As one nursing facility in New York has learned, asking employees or applicants about their family medical history can violate the Genetic Information Nondiscrimination Act (“GINA”) and draw the ire of the U.S Equal Employment Opportunity Commission (EEOC). Founders Pavilion, Inc., a former Corning, N.Y. nursing and rehabilitation center, will pay $370,000 to settle discrimination claims, the agency reported.

To help avoid these kinds of claims, check out our GINA FAQs. As discussed in those FAQs, under the GINA regulations, employers can take steps to protect themselves from liability such as by using a GINA “Safe Harbor Notice” – a statement directing the doctor not to ask for and/or disclose “genetic information” (i.e., family medical history).

According to the EEOC, the nursing facility requested family medical history as part of its post-offer, pre-employment medical exams of applicants. Subject to limited exceptions, GINA prevents employers from requesting genetic information or making employment decisions based on genetic information.

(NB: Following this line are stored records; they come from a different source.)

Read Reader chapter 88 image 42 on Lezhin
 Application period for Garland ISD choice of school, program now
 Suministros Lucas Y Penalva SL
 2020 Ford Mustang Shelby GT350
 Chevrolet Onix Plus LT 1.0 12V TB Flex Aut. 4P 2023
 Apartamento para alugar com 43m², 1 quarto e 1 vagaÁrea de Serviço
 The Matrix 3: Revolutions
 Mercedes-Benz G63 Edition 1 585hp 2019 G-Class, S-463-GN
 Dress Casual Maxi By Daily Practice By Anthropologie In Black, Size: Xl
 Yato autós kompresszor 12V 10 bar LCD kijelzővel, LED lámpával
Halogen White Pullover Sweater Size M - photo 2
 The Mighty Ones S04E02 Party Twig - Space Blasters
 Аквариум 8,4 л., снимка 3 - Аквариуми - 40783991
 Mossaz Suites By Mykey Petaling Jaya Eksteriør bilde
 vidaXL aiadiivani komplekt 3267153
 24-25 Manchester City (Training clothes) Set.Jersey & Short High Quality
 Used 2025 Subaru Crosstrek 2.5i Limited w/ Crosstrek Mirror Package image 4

Many businesses conduct such exams. But what many of these businesses do not realize is that regulations issued by the EEOC to enforce GINA prohibit employers from requesting information about family medical history. This prohibition includes questions for which it is reasonably likely to acquire such information. It also applies to virtually all inquiries employers make of employees and applicants such as, fitness for duty evaluations, examinations or inquiries in response to ADA reasonable accommodation requests, FMLA medical certifications, return to work exams, periodic annual medical exams, and even some purportedly “voluntary” wellness-related exams (unless the situation fits within a narrow GINA exception).

From the EEOC’s perspective, it may not matter if the request is made or the information received by the employer, or the employer’s agent, and the prohibition applies even if the request is not made directly to the employee or applicant. For example, EEOC regulations prohibit employers from searching employees’ or applicants’ social media sites for genetic information, although inadvertent acquisition does not violate the law.

Genetic discrimination is one of the six national priorities identified by the EEOC’s Strategic Enforcement Plan (SEP) and, therefore, an area employers should address as soon as possible through policy and training. However, employers should remember that GINA’s protections are not limited to prohibiting certain inquiries or acquisitions concerning genetic information. Genetic information can and frequently is acquired by employers. In that case, that information is subject to the same confidentiality requirements under the ADA. In addition, GINA has specific rules about when genetic information can be disclosed. So, employers need to be concerned not only about genetic information coming in, but also about how it can be used and whether it should be sent out.